"But, Pete, aren't we taking a big chance that some one will find our
claim? It isn't recorded, and our notice will run out unless we do some
assessment work pretty quick. Suppose some one should stumble onto it?"
"Well, we've got to take the chance," said Pete. "And the chance of some
one stumbling on our find by blind luck, like we did, isn't a drop in the
bucket to the chance that we'll be followed if we try to slip away while
these fellows are worked up with the fever. Seventy-five thousand round
dollars to one canceled stamp that some one has his eye glued on us
through a telescope right this very now! I wouldn't bet the postage stamp
on it, at that odds. No, sir! Right now things shape up hotter than the
seven low places in hell.
"If we go to the mine now--or soon--we'll never get back. After we show
them the place--_adios el mundo_!"
"Surely in vain the net is spread in the sight of any bird," Mitchell
quoted soberly. "So you think that after a while, when their enthusiasm
dies down, we can give them the slip?"
"Sure! It's our only chance."
"Couldn't we make a get-away at night?"
"It is what they are hoping for. They'd follow our tracks. No, sir! We do
nothing. We notice nothing, we suspect nothing, and we have nothing to
hide."
"You want to remember that our location notice will be running out pretty
soon."
"We'll have to risk it. Not so much of a risk, either. Cobre is the last
outpost of civilization. South of here, in the whole strip from Comobabi
to the Colorado River, there's not twenty men, all told, between here and
the Mexican border--except yonder deluded wretches in the Gavilan; and
none beyond the border for a hundred miles."

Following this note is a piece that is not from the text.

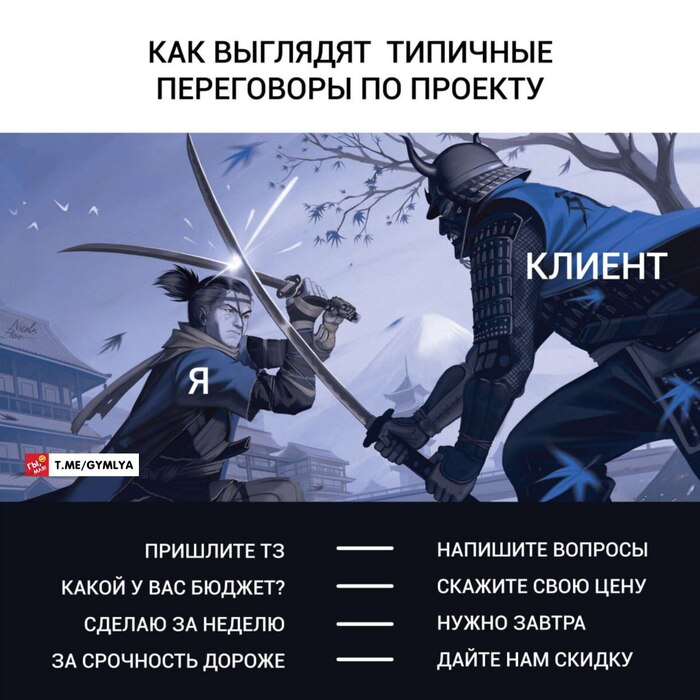 Самое противное в работе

"It is certainly one big lonesome needle-in-the-haystack proposition--and
no one has any idea where our find is, not within three days' ride. But
what puzzles me is this: If Zurich really got wise to our copper, he'd
know at once that it was a big thing, if there was any amount of it. Then
why didn't he keep it private and confidential? Why tip it off to the
G.P.? I have always understood that in robbery and murder, one is
assisted only by intimate friends. What is the large idea?"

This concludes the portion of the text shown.